Copyright (c) 2023 Massachusetts Institute of Technology
SPDX-License-Identifier: MIT

Generating Adversarial Perturbations#

Solving for adversarial perturbations is a common task in Robust AI. An adversarial perturbation for a given input, \(x\), with corresponding label, \(y\), can be computed by solving the following optimization objective:

\[\max_{||\delta||_p<\epsilon} \mathcal{L}\left(f_\theta(x+\delta), y\right)\]

where \(\delta\) is the perturbation, \(f_\theta\) is a machine learning model parameterized by \(\theta\), \(\mathcal{L}\) is the loss function (e.g., cross-entropy), \(||\delta||_p\) is the \(L^p\)-norm of the perturbation (for this example we’ll be using \(p=2\)), and \(\epsilon\) is the maximum allowable size of the perturbation.

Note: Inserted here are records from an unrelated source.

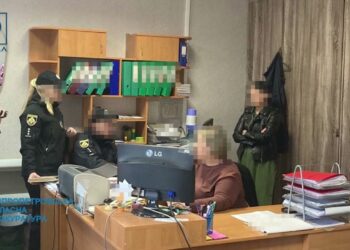 Директорка КП на Дніпропетровщині змінювала умови договору та підвищувала ціни на електроенергію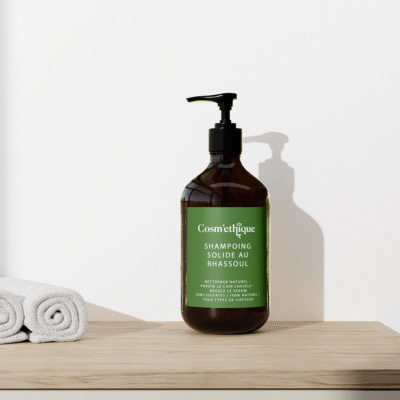 Shampoing solide au rhassoul dans une bouteille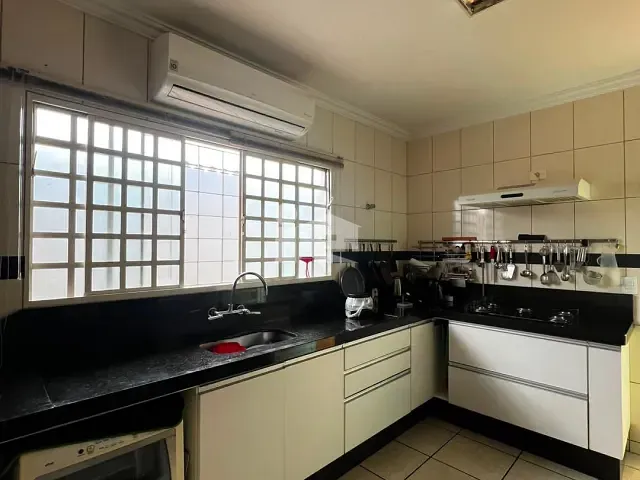 Casa 3 quartos e 3 banheiros, à venda, no bairro Jardim Asteca em Rolândia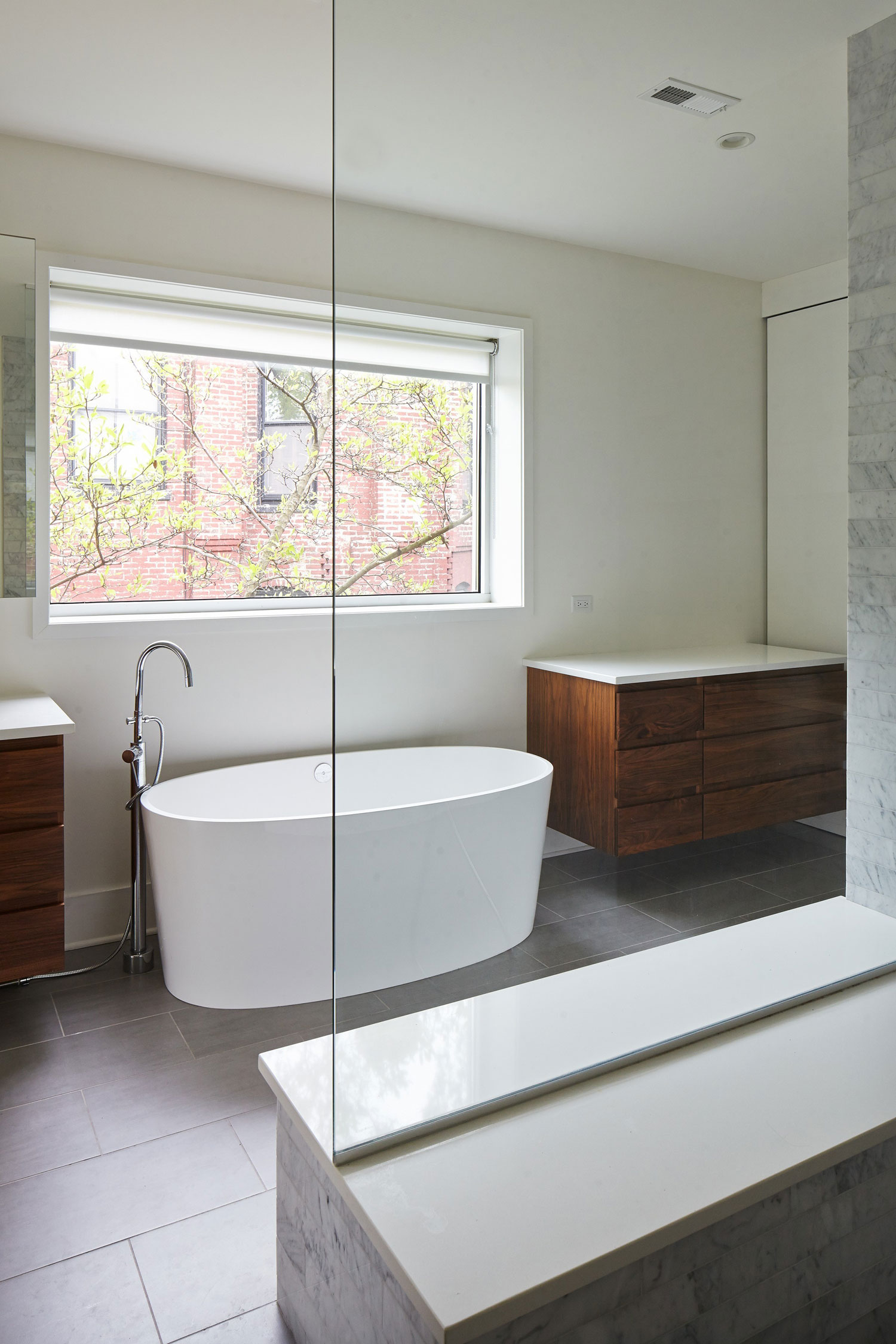 An Elegant Contemporary Home with Vertical Structure in Chicago by Hufft Projects (21)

This tutorial demonstrates how to use rai_toolbox.perturbations.gradient_ascent to generate \(L^2\)-norm-constrained adversarial perturbations using projected gradient descent (PGD) for images from the CIFAR-10 dataset, based on both a standard classification model and a robust (i.e., adversarially-trained) model. We then compute adversarial accuracy for a few batches of samples from the test set, and use this to generate robustness curves for increasing values of perturbation size, \(\epsilon\).

Getting Started#

We will install the rAI-toolbox and then we will create a Jupyter notebook in which we will complete this tutorial.

Installing rai_toolbox#

To install the toolbox (along with its mushin capabilities) in your Python environment, run the following command in your terminal:

$ pip install rai-toolbox[mushin]

To verify that the toolbox is installed as expected, open a Python console and try importing rai_toolbox.

$ python
>>> import rai_toolbox

If no errors are returned, rai_toolbox is successfully installed.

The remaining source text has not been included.